It turns out this is not considered good social behavior by many people. That is not the point of this writing.
I have never tried to write about my sisters in their experience of personal violence. It has not felt like a space I had any right to speak in. That shadow has not darkened my path. No one has ever battered past my No. I’ve barely ever needed my No. Among my many sisters who can’t imagine that, their daughters, their sons, our brothers… Who am I to say anything?
The only thing is, since I was young, too young to know the value of that trust, I have been a person entrusted with the stories of others. I carry this like the keeper of an oral history. There is no repository for “the stories of the people who have hurt the people I love” except in my memory, and yet it feels important to mark the space I keep for them.
It’s not a space of fury or hopelessness, though both have been there. It is instead a place of strength, resilience, and sheer awe at the determination each of them has employed, simply to come far enough down the road to tell me their story.

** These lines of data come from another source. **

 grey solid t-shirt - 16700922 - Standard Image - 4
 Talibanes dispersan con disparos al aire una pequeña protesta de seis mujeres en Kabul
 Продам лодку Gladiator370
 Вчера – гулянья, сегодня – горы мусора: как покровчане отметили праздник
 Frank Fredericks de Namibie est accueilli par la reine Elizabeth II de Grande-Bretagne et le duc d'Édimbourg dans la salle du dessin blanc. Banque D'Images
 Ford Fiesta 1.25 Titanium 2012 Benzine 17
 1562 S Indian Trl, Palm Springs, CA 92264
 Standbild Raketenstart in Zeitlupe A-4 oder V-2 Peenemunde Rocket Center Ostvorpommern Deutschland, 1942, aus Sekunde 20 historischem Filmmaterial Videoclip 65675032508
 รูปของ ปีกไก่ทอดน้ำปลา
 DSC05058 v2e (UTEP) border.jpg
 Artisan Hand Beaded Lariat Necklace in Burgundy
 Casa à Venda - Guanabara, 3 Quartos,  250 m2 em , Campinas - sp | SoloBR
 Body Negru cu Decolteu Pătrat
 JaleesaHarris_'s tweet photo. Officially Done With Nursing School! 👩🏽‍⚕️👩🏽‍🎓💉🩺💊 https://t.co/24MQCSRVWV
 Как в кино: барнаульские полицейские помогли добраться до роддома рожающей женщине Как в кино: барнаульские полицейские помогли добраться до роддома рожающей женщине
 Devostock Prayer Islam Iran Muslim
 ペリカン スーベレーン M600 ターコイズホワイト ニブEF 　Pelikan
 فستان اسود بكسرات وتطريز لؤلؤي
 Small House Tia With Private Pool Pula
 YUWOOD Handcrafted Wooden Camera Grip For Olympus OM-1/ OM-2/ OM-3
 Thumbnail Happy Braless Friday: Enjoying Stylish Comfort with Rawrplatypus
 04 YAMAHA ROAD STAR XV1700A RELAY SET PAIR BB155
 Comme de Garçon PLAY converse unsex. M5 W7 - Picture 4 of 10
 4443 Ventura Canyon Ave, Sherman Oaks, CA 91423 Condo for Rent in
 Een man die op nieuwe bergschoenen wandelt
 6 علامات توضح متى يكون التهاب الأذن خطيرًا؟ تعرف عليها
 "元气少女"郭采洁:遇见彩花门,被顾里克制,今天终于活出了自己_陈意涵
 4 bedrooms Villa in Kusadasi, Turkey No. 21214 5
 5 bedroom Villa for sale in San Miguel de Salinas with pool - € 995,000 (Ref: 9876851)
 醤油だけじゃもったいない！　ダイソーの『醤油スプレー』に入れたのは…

I visit it often, especially after I’ve spoken with one of the sisters whose story I know, and try not to wonder why we each have the path we have. I just hold the space. It’s not the sort of space you ever want to expand, but I hope to continue to be the kind of person who feels like a safe ally in sharing the memory of what must not be forgotten if we are to work towards lives that are no longer touched by violence. I’m here, and I’m listening.